Now “my” people, only 80 years after being subject to genocide, are accused of committing genocide ourselves. Many Israelis and Jews in the Diaspora (the whole world outside Israel) respond indignantly that Hamas wants to wipe out all Jews in Israel, so Netanyahu is trying to wipe out Hamas instead. And besides, they say, Hamas is using Palestinian civilians as human shields, so it’s impossible to kill Hamas militants without killing innocent people. It’s not our fault. We have no choice. It’s either them or us. If Israel is no longer safe for the Jews, nowhere is safe. So this carnage is good for the Jews around the world.

But the massive rise in antisemitism worldwide proves that the opposite is true. Seventy-five years of Israel’s terrible treatment of Palestinians – forcing Palestinians off their land, herding them into open-air prisons like Gaza in a virtual apartheid regime, depriving them of full citizenship in Israel, making a separate homeland all but impossible, meeting thrown rocks with bullets, finally telling two million Gazan residents to crowd into southern Gaza and then bombing southern Gaza – have had their predictable result. Nonviolent resistance has failed, with the Boycott, Divestment, and Sanctions movement dismissed as antisemitic. Israel has left Palestinians with few options besides violent resistance, ie., Hamas. The many Palestinians who hate Hamas are afraid to say so in public. The thugs would torture and kill them and their families. Meanwhile, every innocent killed by Israeli bombs or siege conditions creates more recruits for Hamas. Hamas is not, as Israeli leaders keep calling it, a snake. It is a Hydra. Cut off one head, and more will grow in its place.

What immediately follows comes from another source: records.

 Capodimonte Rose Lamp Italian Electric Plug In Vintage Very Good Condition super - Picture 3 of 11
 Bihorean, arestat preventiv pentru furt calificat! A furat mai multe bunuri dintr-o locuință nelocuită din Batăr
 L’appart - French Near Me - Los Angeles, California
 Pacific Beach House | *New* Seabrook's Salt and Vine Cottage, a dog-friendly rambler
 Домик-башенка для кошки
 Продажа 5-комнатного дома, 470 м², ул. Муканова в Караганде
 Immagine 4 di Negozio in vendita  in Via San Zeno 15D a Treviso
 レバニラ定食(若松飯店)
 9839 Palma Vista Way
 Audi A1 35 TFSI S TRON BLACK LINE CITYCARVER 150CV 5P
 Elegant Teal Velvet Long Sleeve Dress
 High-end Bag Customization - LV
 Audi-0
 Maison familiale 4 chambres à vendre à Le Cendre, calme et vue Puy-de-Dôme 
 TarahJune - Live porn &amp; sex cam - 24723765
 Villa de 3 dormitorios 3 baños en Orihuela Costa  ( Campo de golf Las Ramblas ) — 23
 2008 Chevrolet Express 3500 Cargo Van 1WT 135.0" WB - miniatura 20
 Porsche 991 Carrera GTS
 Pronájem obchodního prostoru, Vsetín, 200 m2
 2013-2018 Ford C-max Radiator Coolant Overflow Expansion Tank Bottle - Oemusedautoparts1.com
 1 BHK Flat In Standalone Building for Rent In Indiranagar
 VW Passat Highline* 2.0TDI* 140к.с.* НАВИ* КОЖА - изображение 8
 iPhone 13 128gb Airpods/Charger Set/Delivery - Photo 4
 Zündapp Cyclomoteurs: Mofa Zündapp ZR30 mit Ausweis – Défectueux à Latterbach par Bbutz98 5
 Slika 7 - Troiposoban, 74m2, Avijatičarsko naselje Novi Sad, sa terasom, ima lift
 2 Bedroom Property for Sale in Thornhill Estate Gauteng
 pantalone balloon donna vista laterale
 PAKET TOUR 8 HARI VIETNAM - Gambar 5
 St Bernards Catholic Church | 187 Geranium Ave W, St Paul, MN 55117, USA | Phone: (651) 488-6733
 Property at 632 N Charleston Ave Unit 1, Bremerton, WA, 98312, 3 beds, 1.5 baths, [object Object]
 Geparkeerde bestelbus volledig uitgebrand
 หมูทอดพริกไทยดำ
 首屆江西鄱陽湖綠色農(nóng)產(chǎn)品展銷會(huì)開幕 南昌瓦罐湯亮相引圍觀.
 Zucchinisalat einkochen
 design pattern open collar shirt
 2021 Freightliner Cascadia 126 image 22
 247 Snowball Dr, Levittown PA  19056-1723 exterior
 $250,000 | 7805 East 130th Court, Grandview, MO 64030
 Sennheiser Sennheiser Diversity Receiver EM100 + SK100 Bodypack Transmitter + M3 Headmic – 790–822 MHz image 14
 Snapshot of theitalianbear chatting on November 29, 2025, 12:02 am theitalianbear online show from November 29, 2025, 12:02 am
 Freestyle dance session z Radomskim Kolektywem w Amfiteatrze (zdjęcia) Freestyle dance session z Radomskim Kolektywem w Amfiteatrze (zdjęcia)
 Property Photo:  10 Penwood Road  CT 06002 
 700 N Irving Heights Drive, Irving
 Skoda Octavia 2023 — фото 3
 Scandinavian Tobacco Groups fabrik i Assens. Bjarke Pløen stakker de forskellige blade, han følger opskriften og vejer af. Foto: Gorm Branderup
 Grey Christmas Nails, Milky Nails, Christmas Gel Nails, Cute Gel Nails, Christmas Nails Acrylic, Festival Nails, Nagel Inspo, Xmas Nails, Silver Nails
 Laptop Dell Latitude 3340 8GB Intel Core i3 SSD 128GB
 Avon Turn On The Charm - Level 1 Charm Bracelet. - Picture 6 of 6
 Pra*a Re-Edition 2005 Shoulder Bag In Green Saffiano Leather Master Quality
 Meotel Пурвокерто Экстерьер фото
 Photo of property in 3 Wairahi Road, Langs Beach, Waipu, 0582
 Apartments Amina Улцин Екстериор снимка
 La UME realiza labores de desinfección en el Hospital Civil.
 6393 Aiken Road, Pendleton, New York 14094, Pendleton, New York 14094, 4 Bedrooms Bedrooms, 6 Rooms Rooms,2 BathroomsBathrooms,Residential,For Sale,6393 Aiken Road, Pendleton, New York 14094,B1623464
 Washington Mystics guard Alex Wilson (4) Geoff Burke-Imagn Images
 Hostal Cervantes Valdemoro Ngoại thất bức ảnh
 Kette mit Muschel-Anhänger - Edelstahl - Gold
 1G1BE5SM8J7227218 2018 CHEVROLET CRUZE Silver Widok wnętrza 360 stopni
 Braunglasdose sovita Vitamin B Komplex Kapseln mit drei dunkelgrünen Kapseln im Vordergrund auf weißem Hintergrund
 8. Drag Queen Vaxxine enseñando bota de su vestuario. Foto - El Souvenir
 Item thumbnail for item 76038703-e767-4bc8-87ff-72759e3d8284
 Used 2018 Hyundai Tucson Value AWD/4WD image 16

The hideous ambitions of Netanyahu give credence to South Africa’s claim of genocide. Meanwhile, the People of the Book have forgotten the words of one of our greatest teachers, Rabbi Hillel. When challenged by some joker to teach him the Torah while he stood on one foot, Hillel responded: “Do not do to others what you don’t want done to you. The rest is commentary.”

American Jews have pushed our government to support Israel no matter what it does. We should remember that we are Jewish before we are Zionist. What Israel is doing to Gazans goes against everything Judaism has always stood for. It is beyond horrible for Palestinians. It’s time more of us realized that it is also very bad for the Jews.